El Mar de Llamas
La superficie está cubierta por cientos de facetas. Una y otra vez lo levanta y lo vuelve a bajar de inmediato como si le quemara los dedos. El arresto de su padre, la desaparición de Hubert Bazin, la muerte de madame Manec… ¿Puede tan solo una piedra ser la culpable de tanto dolor? Escucha la voz jadeante y con olor a vino del doctor Geffard: Tal vez alguna reina escita haya bailado durante toda una noche llevándolo encima. Y hasta puede que haya llegado a provocar alguna guerra.
Quien tuviera la piedra viviría para siempre, pero caerían todo tipo de desgracias sobre las personas a las que amara, una tras otra, como en una lluvia incesante.
Las cosas son solo cosas. Y las historias son solo historias.
Seguro que esta piedra es lo que el alemán busca. Debería abrir los postigos y tirarla a la calle, dársela a alguien, a cualquiera. Salir de la casa y arrojarla al mar.
Etienne sube por la escalera de mano al desván. Ella oye el crujido del suelo sobre su cabeza y la forma en la que enciende el transmisor. Se mete la piedra en el bolsillo, recoge la casita de la maqueta y cruza el descansillo, pero se detiene antes de llegar al armario. Su padre debía creer que era real, ¿por qué si no habría hecho la casa como una elaborada caja secreta? ¿Por qué la habría dejado en Saint-Malo si no fuera por el miedo de que le confiscaran la piedra en su viaje de regreso? ¿Por qué la había dejado a ella también?
Por lo menos debe lucir como un diamante azul que vale veinte millones de francos. Algo lo bastante real como para convencer a papá. Y si parece real: ¿qué hará su tío cuando se lo enseñe? ¿Y cuando le diga que tienen que arrojarla al océano?
Puede oír la voz del chico del museo: ¿Cuándo has visto tú a alguien capaz de tirar al mar cinco Torres Eiffel?
¿Quién querrá participar en algo así? ¿Y qué hay de la maldición? ¿Qué sucederá si la maldición es real? ¿Y se lo entrega a él?
Pero las maldiciones no son reales. La Tierra no es más que magma, placas continentales y océanos. Gravedad y tiempo, ¿no es así? Cierra el puño, regresa a su habitación y vuelve a poner la piedra en el interior de la casa. Coloca otra vez los paneles del techo en su lugar. Dobla la chimenea noventa grados y se mete la casa en el bolsillo.
Bien pasada la medianoche se oye una marea impresionante, enormes olas estallan contra la base de las murallas, un mar verde y gasificado arroja columnas de espuma iluminadas por la luna. Marie-Laure despierta con el sonido de Etienne llamando a su puerta.
—Voy a salir.
—¿Qué hora es?
—Casi el amanecer. Estaré fuera solo una hora.
—¿Por qué tienes que salir?
—Es mejor que no lo sepas.
—¿Y el toque de queda?
—Seré rápido.
Eso dice su tío abuelo, alguien que jamás ha sido rápido en nada en estos cuatro años que han pasado desde que le conoce.
—¿Y qué harás si empiezan los bombardeos?
—Casi está amaneciendo, Marie.
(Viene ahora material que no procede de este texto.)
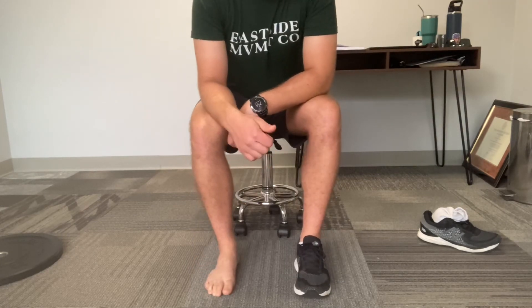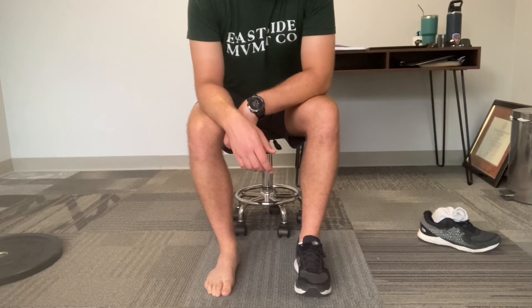Repeat the process of pushing down and pulling up ten times for three rounds.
Tengo que salir ahora que todavía está oscuro.
—¿Bombardearán las casas cuando lleguen, tío?
—No bombardearán ninguna casa.
—¿Acabará pronto?
—Tan pronto como un pestañeo. Tú descansa, Marie-Laure. Cuando despiertes habré regresado, no te preocupes.
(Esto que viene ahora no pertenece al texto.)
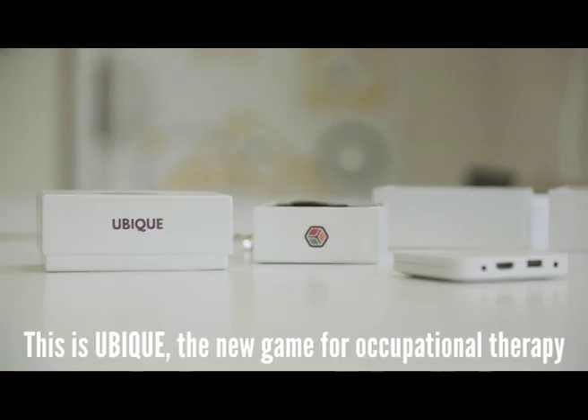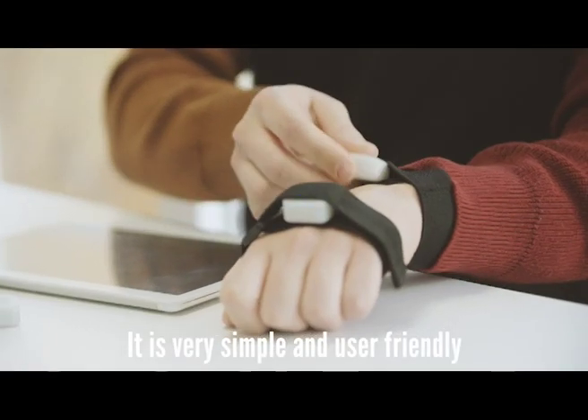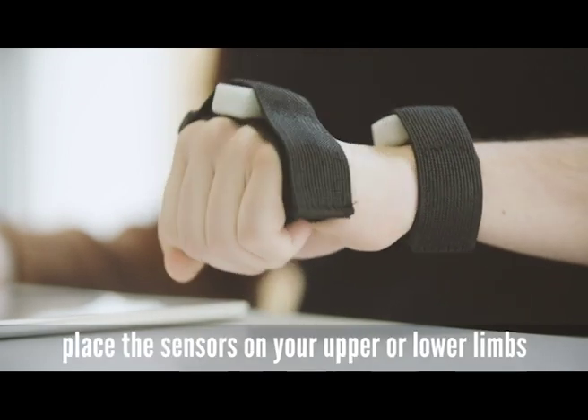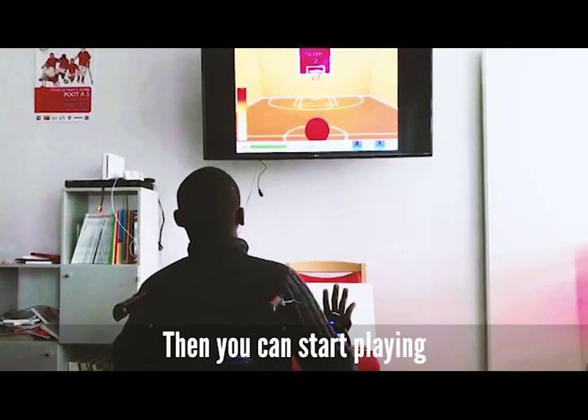Hey guys! Let me show you something. This is Ubik, the new video game for occupational therapy. It is very simple and user-friendly. All you need to do is place the sensors on your upper or lower limbs and choose a movement you wish to exercise. Then you can start playing!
—¿Puedo leerte un poco, ahora que estoy despierta? Estamos a punto de terminar.
—Cuando regrese lo terminaremos juntos.
Intenta calmar sus pensamientos, ralentizar su respiración. Intenta no pensar en la pequeña casa que ahora está bajo su almohada ni en la terrible carga que hay en su interior.
—Etienne —susurra Marie-Laure—, ¿alguna vez te has arrepentido de que hayamos venido a tu casa? De que me hayan dejado aquí y de que madame Manec y tú me hayáis tenido que cuidar. ¿Alguna vez has sentido que soy como una maldición en tu vida?
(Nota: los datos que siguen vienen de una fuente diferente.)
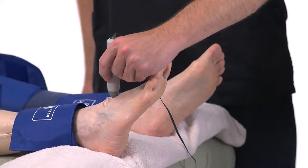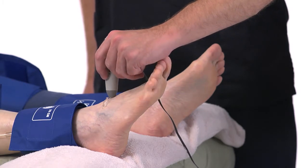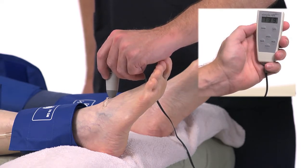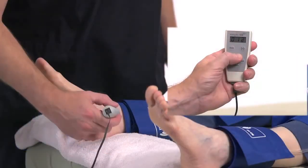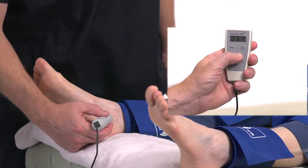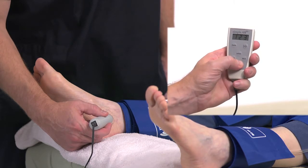Take an ankle pressure using the Doppler probe on the DP artery on top of the foot. Inflate the cuff to occlude the artery in the same manner you did on the arm. Find a good Doppler signal. Press and hold Inflate when blood flow returns. Press Pressure. Press Next to move to the posterior tibial PT field. Place the Doppler probe on the PT artery behind the inside ankle bone. Obtain the pressure by the same method used on other sites. Find good blood flow using the Doppler. Press and hold Inflate until occlusion. Press Pressure when the sound returns.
—Marie-Laure —dice sin dudar mientras le aprieta una mano entre las suyas—, eres lo mejor que me ha pasado en la vida.
Algo parece estar formándose en medio del silencio, una marea, una gran ola que se alza. Pero Etienne se limita a repetir:
—Descansa. Cuando te despiertes habré regresado.
Ella cuenta sus pasos al bajar las escaleras.